Start of Block

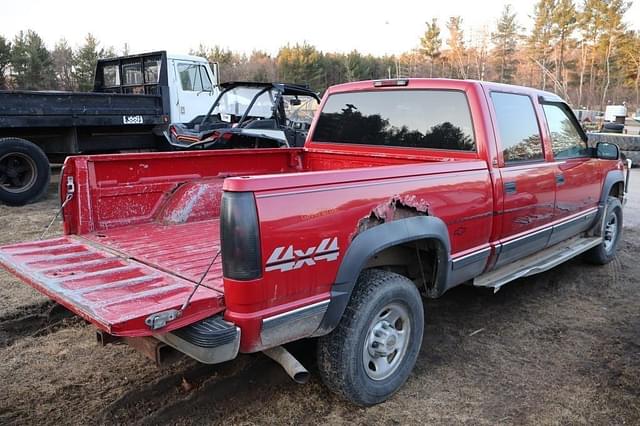 Image of Chevrolet 2500 equipment image 3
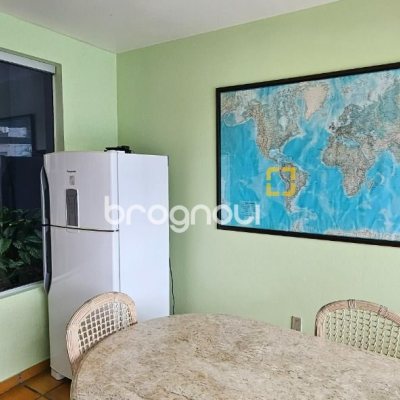 Casa com 316m², 4 quartos (sendo 2 suítes), 2 garagens, no bairro Estreito em Florianópolis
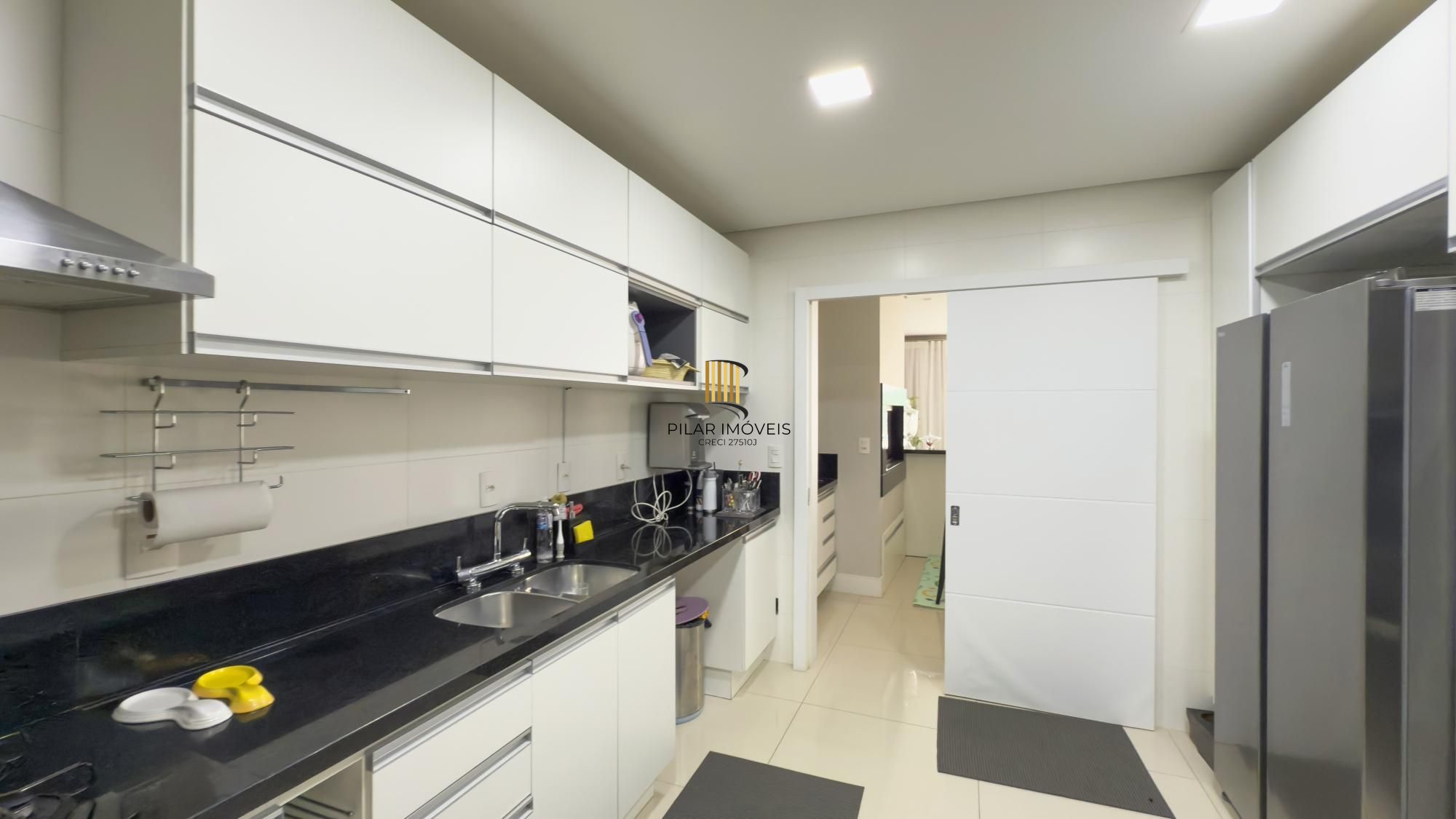 Casa para Comprar com 4 dormitórios, 386 m² - Chácara das Pedras - Porto Alegre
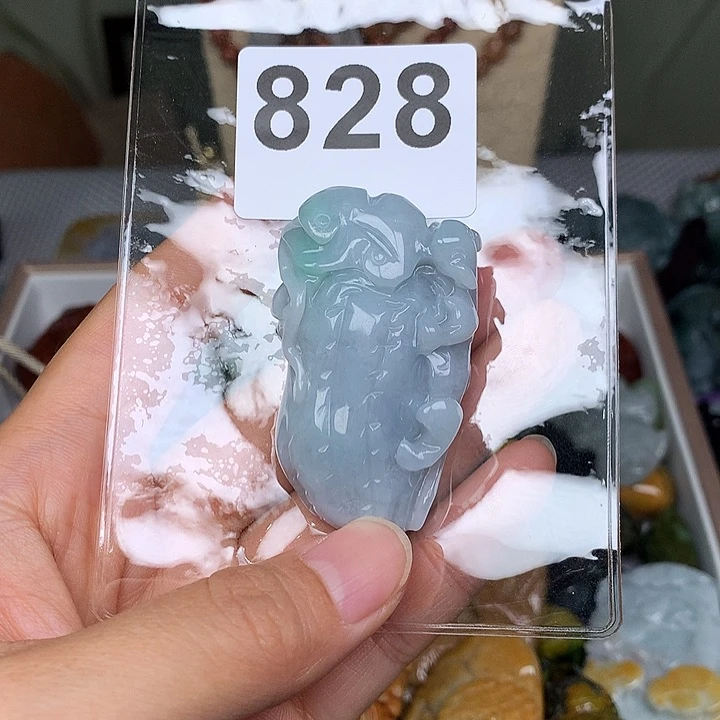 翡翠未镶嵌颈饰拾****石翡翠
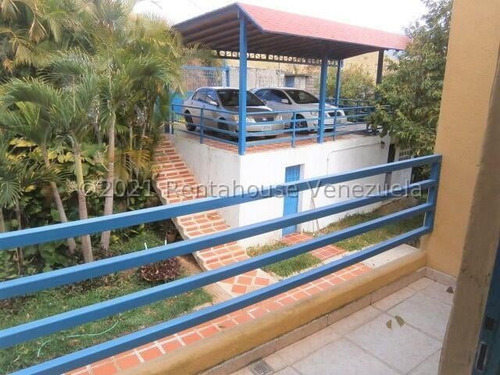 Acojedora Casa De Montana En Karimao Country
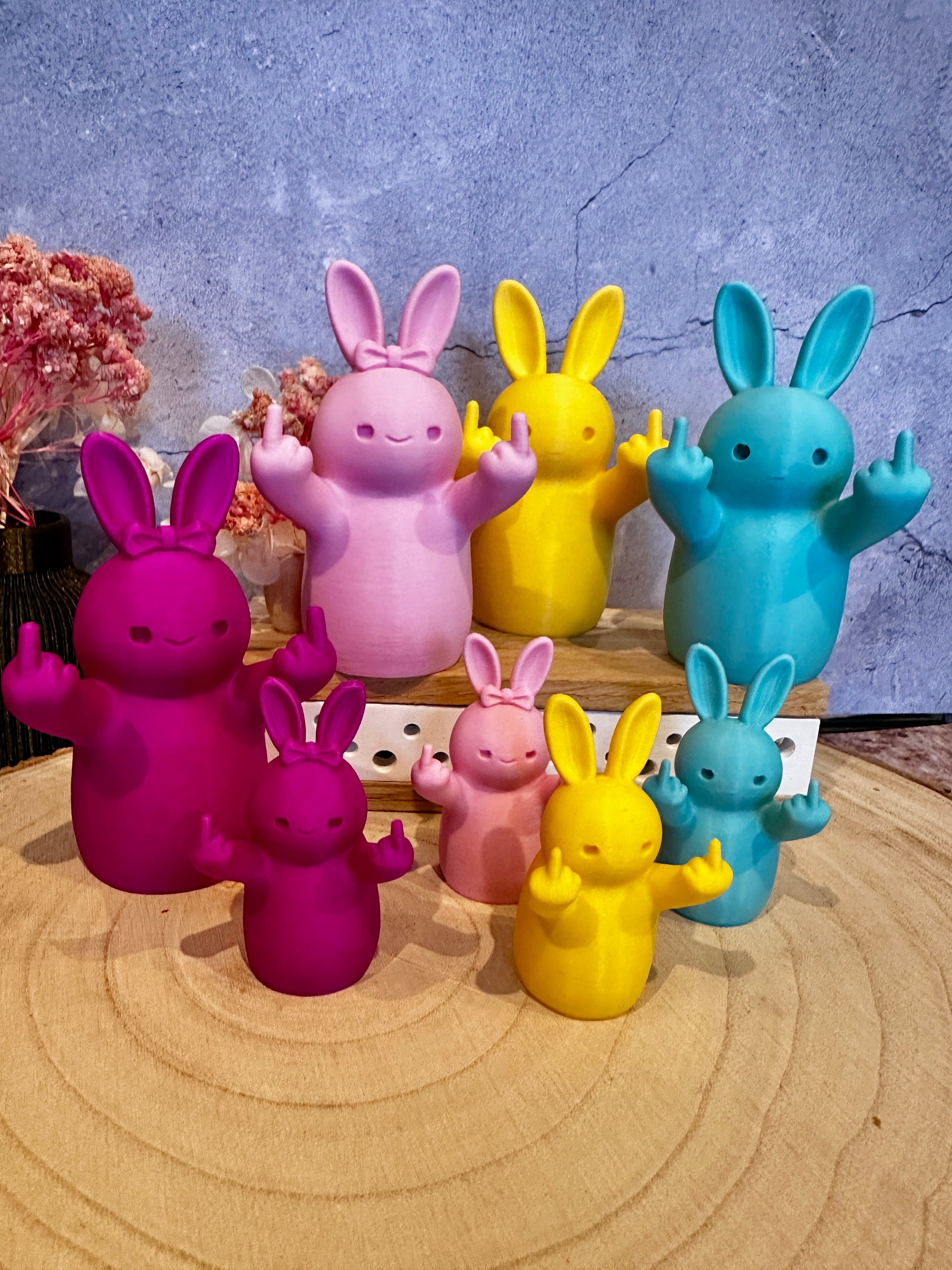 Frecher Osterhase mit Mittelfinger – Lustige Dekofigur in verschiedenen Farben & Größen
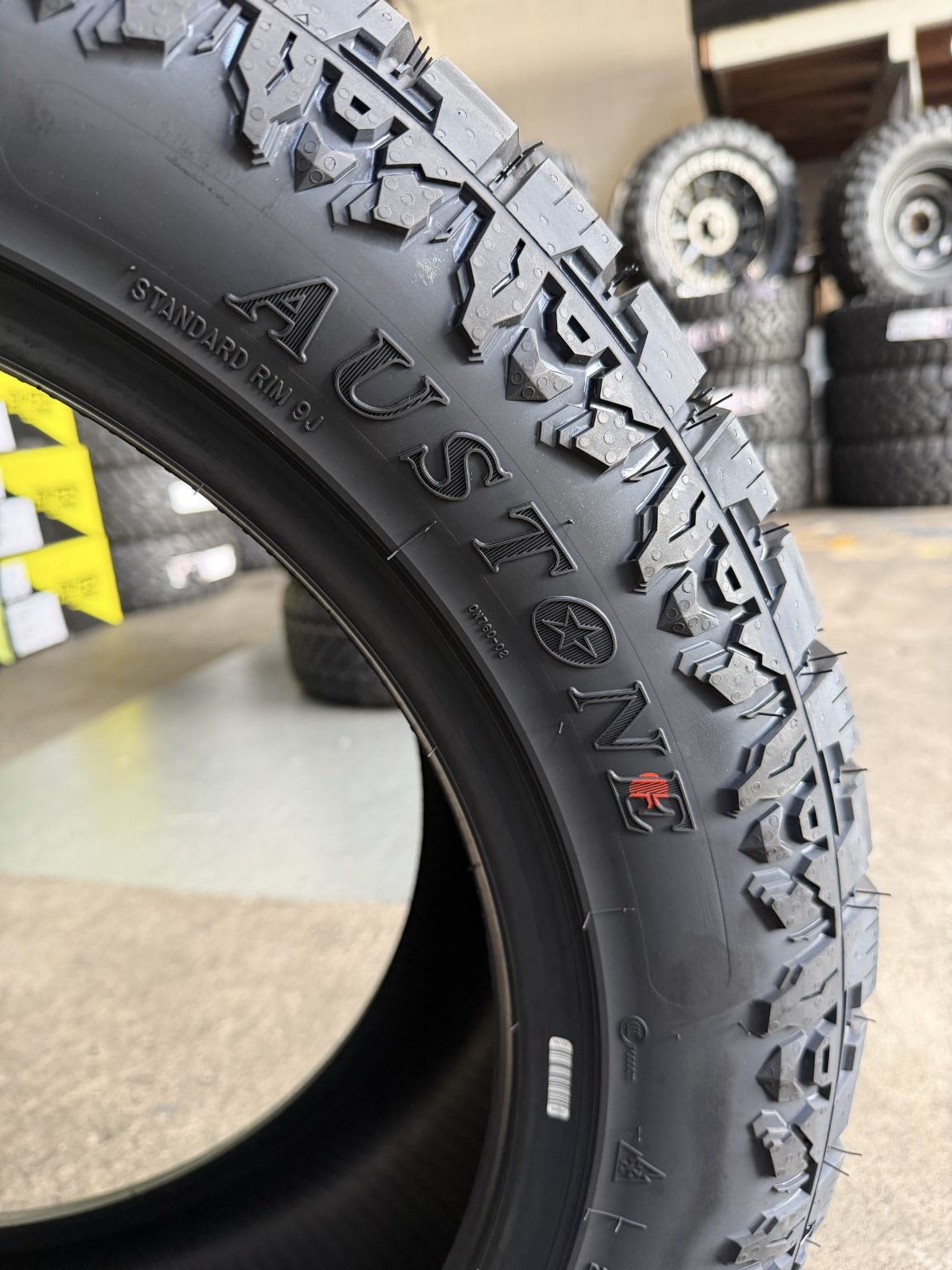 285/50R20 AUSTONE TREKMAN AT01 - All Terrain Tyre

End of Block

Omit the pictures and write out exactly the lines from the one containing "Acojedora Casa De Montana En Karimao Country" through the last line of the material.

Exercise solution:
 Acojedora Casa De Montana En Karimao Country
 Frecher Osterhase mit Mittelfinger – Lustige Dekofigur in verschiedenen Farben & Größen
 285/50R20 AUSTONE TREKMAN AT01 - All Terrain Tyre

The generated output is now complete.